The road is smooth and empty. Population here is low relative to land area, so the road is usually empty at any given instance in time – as far as the eye can see.
I enjoy playing dreamy surreal songs from Wildlight while walking along this road at night. Autograf too. I like their music too for stuff like this.
I walk along the edge of the road as it wraps over a hill. On a good hill you can see the edges of the island. During the day.
I think it’s an interesting feeling: Standing on a highway and being able to see the water lapping against different shores delineating the island. It makes you much more keenly aware that you’re really just standing on a piece of land surrounded by water.
Any piece of ground anywhere on the planet is a part of an expanse of land surrounded by water, but it’s just never really something you’re very conscious of- until you’re staring at the different edges of the stretch of land you’re standing on.
I’ve just come across someone. A guy. He’s about the same age as I am. Thereabouts.
There’s a tall structure off the highway. A little into the desert. I’m not sure what it is. It looks like something in-between a lighthouse and a telecommunications mast.
I think I was walking towards it out of curiosity when I came across him. He works security there. He’s on a night shift.
We talk for a bit. He’s from the Gambia I think.
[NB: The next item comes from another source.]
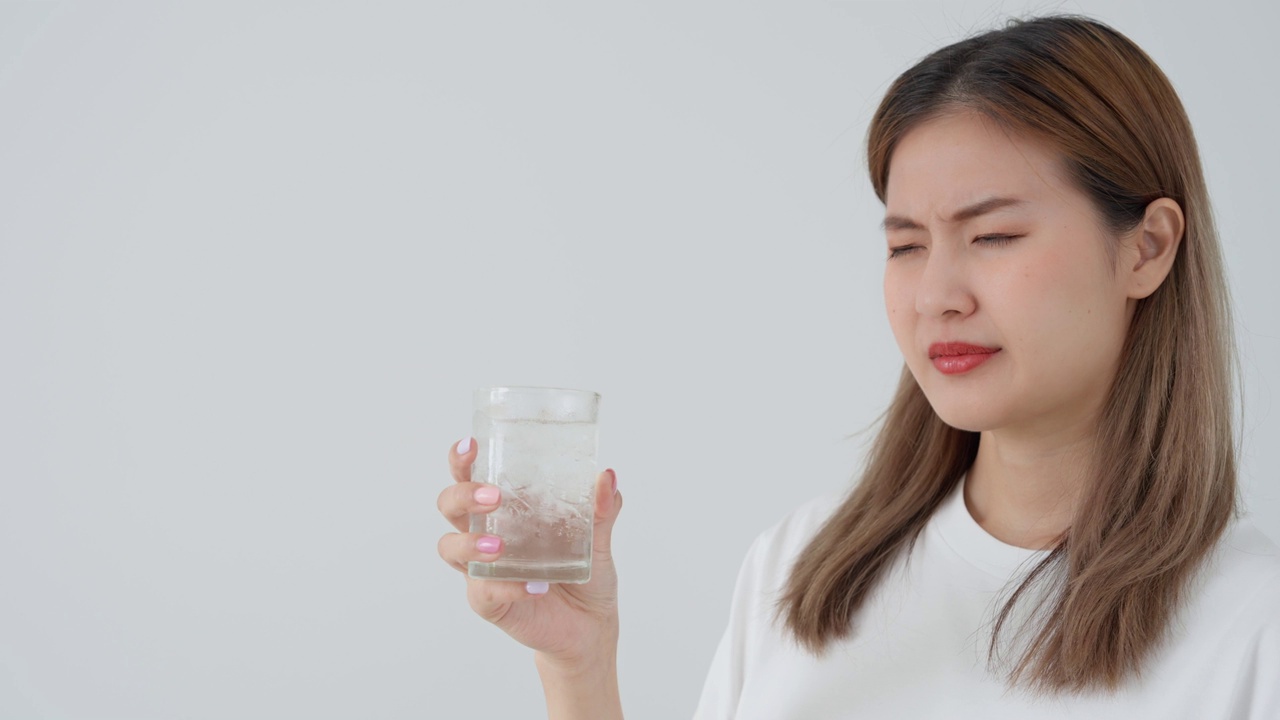 亚洲女性喝冷饮后感觉牙齿敏感，女性患牙、蛀牙问题，牙科护理，拔牙、蛀牙问题，口臭，牙龈萎缩，口腔卫生指导视频素材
There’s something of a language barrier, so we can’t communicate extensively. We spend some time hanging out in his living quarters. It’s a small room at the base of the tall structure. We’re talking about Santa Maria, and watching some Youtube videos on his phone.
It’s strange seeing technology from the perspective of an insider-somewhat. To a lot of people an app is really just a name that they generally associate with the emotions they experience from using it.
And the company behind the app, the people who build are maintain it, are really just this nebulous, extra-terrestrial and omniscient “They”. “The YouTube people”, “The Google people”, etc.
I recently spent about a year living in Silicon Valley, and so that gave me something of an insider perspective into apps and software technology in general. There’s the insider perspective you get from learning about how the tech works, and there’s the social dimension you get from living in a place that’s renowned for software development.
The people behind the apps are neither nebulous, nor extra-terrestrial, nor omniscient. They’re people. Like everyone else. Things that generally happen to people also happen to them.
At some point I feel like I should head back on the road. I mention that to him. We talk a bit more as we head out of his quarters.
He looks like he could use some company on his solitary nights shifts. He also seems to miss his family back in The Gambia.
We exchange our goodbyes and I head out into the night.
Image: Hanging off some weathered rocks somewhere on the western edge of Sal island.